Luanda - A defesa dos elementos da seita angolana "Kalupeteka" acusados de homicídio pediu esta semana, em tribunal, a audição de um secretário de Estado e do segundo comandante-geral da Polícia Nacional, face às declarações feitas aquando dos confrontos mortais de abril.

Fonte: Lusa

Em causa estão as afirmações prestadas em 2015 pelo secretário de Estado para Proteção Civil e Bombeiros, Eugénio Laborinho, e do segundo comandante-geral da Polícia Nacional, comissário chefe Paulo Gaspar de Almeida.


Segundo recordou o advogado que lidera a defesa no Tribunal do Huambo, no arranque do julgamento deste caso, que a 16 de abril envolveu a morte, segundo a versão oficial, de nove polícias e 13 fiéis, ambos falaram em "duas horas de fogo [troca de tiros]" no monte Sumi, entre as autoridades e os seguidores da seita "A luz do mundo".

"Disseram publicamente isso, então deviam vir agora ao tribunal dizer como e que meios foram usados.
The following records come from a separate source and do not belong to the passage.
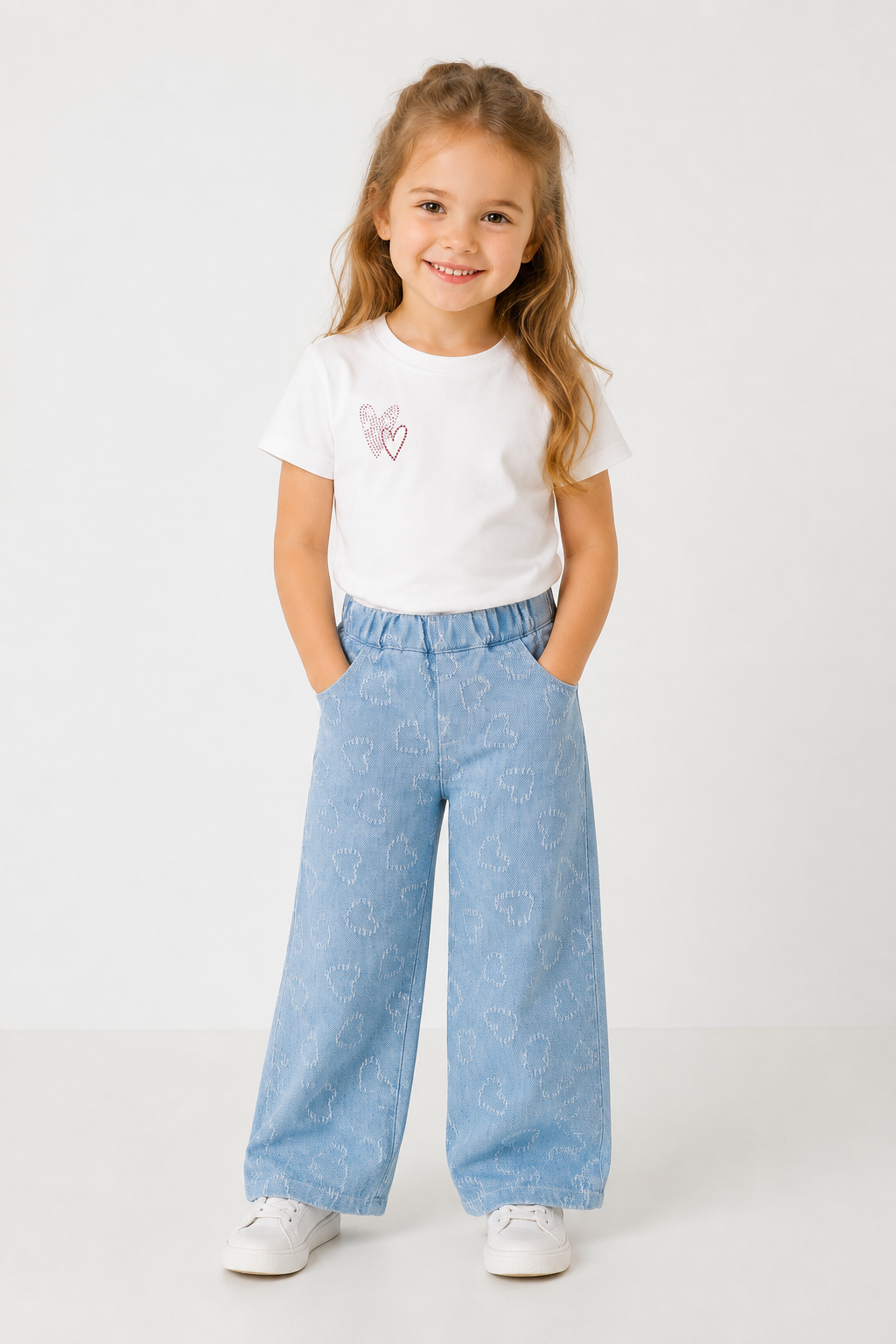 Heart Sparkle T-Shirt Kids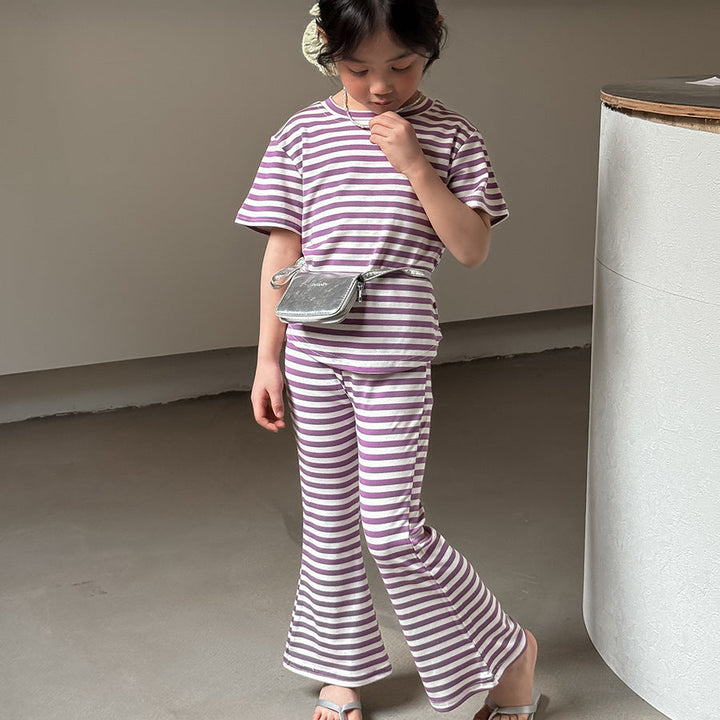 【90-140】ボーダー柄セットアップ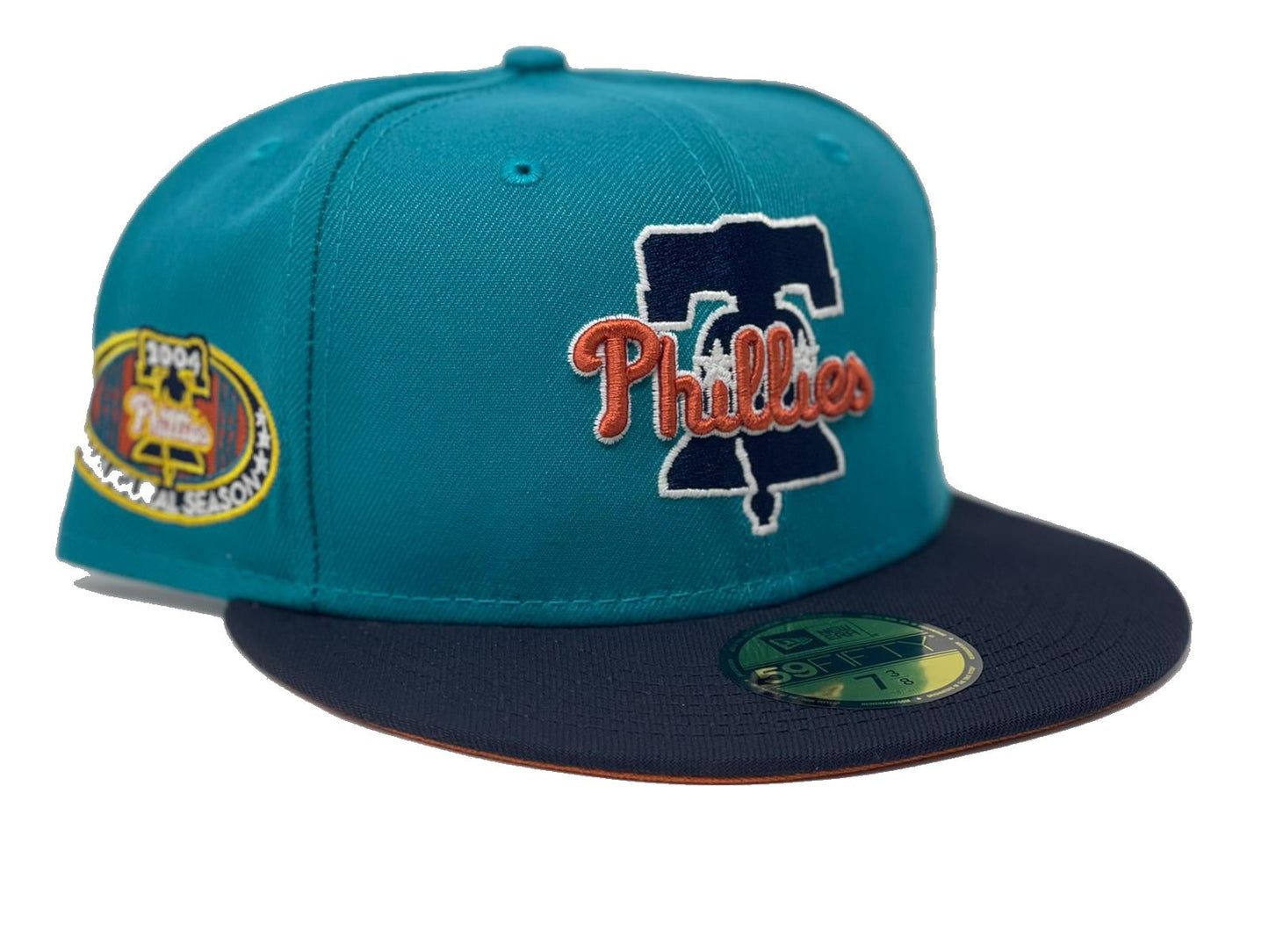 PACK 3 RUST ORANGE BRIM NEW ERA FITTED HAT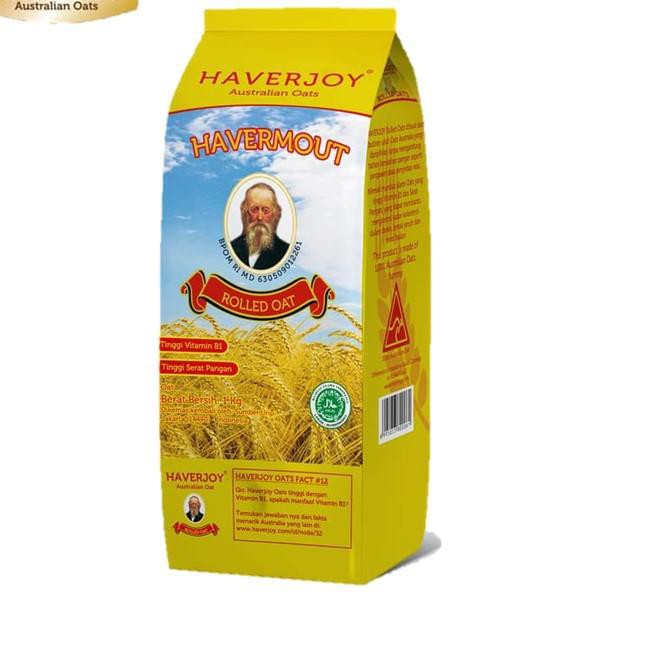 

[KODE BARU 379] Haverjoy Havermout Rolled Oats 1 kg TERMURAH!!!
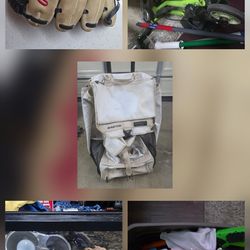 Lot of Nerf Guns, How Wheel Trucks, Bikes,  Baseball Equipment, Reptile Tank and more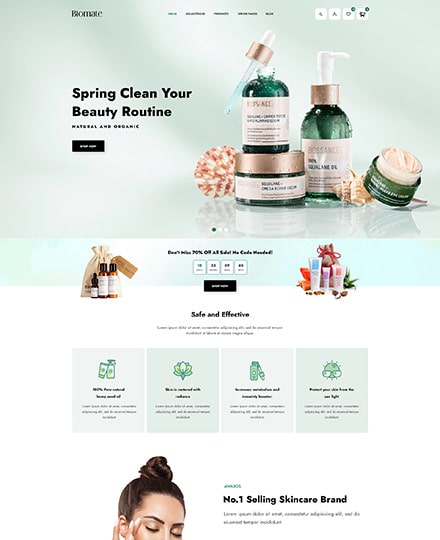 beauty cosmetics shopify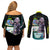 Cyberpunk Lucy Couples Matching Off Shoulder Short Dress and Long Sleeve Button Shirt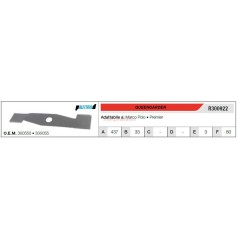 QUEENGARDEN lawn mower blade MARCO POLO R300922 | Newgardenstore.eu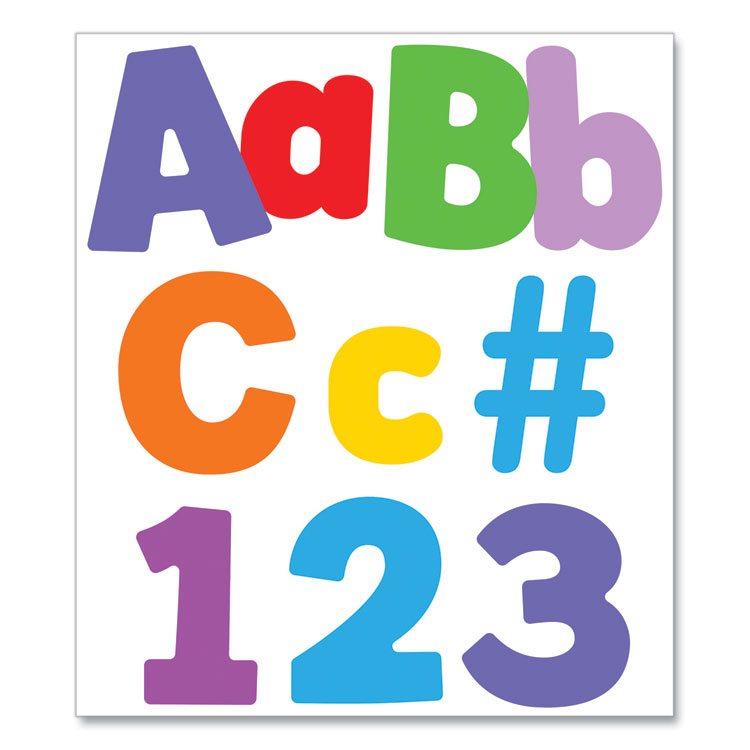 Carson-Dellosa Education EZ Letter Combo Packs, 4" Tall, Assorted Color Splash Character Colors, 219 Pieces (CDP130098)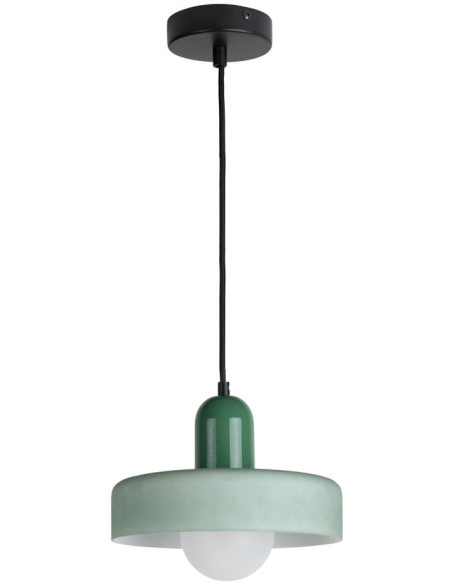 Suspension verre vert jade 25 cm Opaco Grato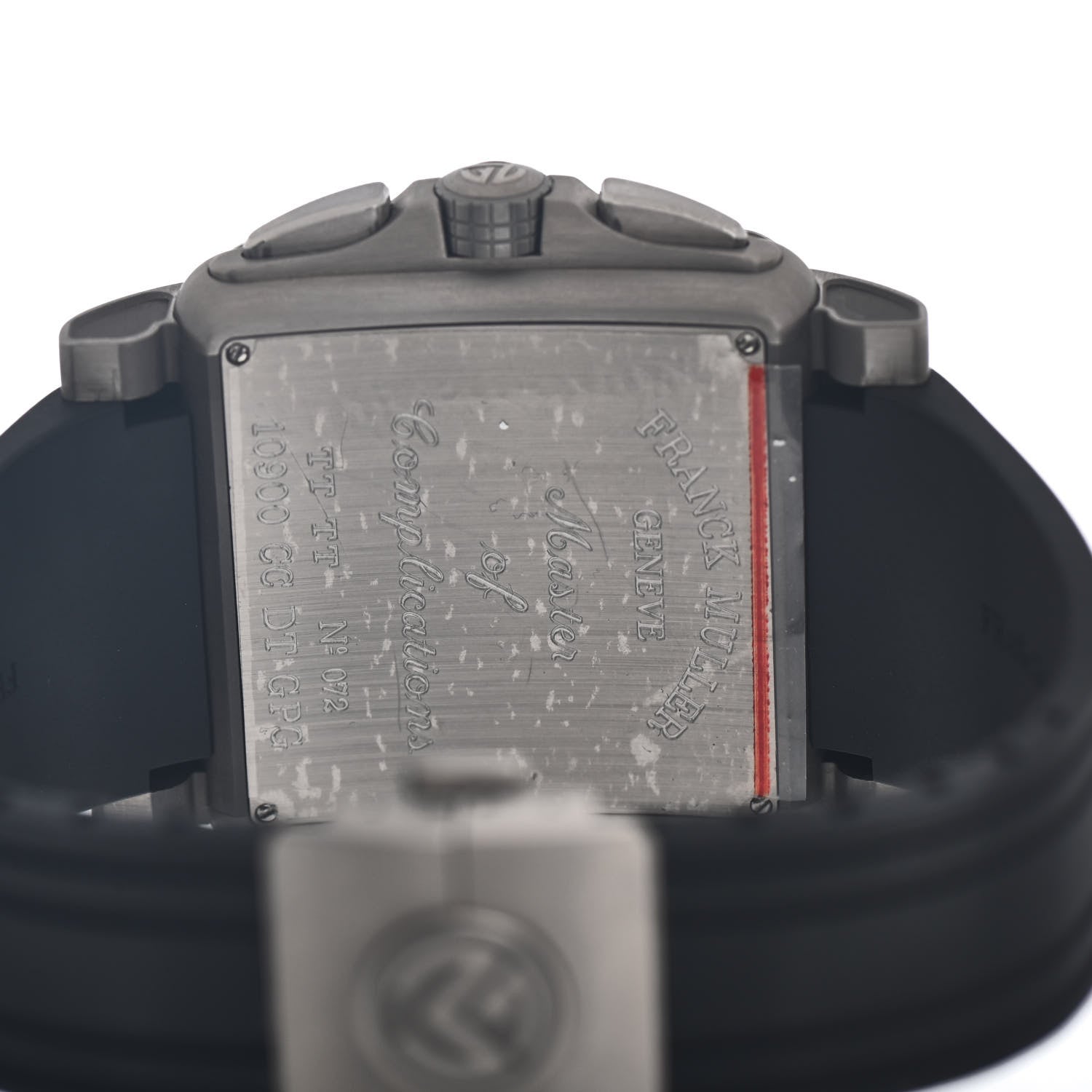 Franck Muller Titanium Rubber 45mm Conquistador Cortez Automatic Watch Grey 10900CCDTGPG 4 of 5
Fizemos esse requerimento, mas o juiz achou que não os devia chamar porque foram declarações prestadas na imprensa e não no âmbito no processo. Mas a nossa convicção é que, se houver necessidade, voltaremos a bater-nos para serem ouvidos", afirmou o advogado David Mendes.

O tribunal, tal como já tinha acontecido durante a fase de instrução, voltou hoje a rejeitar igualmente o pedido da defesa para reconstituir os factos no local do crime, queixando-se David Mendes de que nunca foi autorizado a visitar o monte Sumi, no município da Caála, no Huambo.

A acusação deduzida pelo Ministério Público (MP) do Huambo contra os homens, com idades entre os 18 e os 54 anos, manteve-se praticamente inalterada no despacho de pronúncia, que hoje foi lido em tribunal.

O MP do Huambo refere que as mortes dos agentes da polícia resultaram essencialmente de agressões com objetos contundentes, inclusive paus, punhais e catanas, às quais alguns polícias responderam com disparos.

A seita em causa, não reconhecida pelo Estado angolano, era conhecida por advogar o fim do mundo em 2015 e não permitir a alfabetização ou vacinação dos fiéis, tendo sido criada por José Julino Kalupeteka em 2006, depois de este ter sido expulso da Igreja Adventista do Sétimo Dia.

Neste processo, Kalupeteka - de 46 anos e detido preventivamente desde abril - é o principal visado e está indiciado pela coautoria material de nove crimes de homicídio qualificado consumado, crimes de homicídio qualificado frustrado e ainda de desobediência, resistência e posse ilegal de arma de fogo.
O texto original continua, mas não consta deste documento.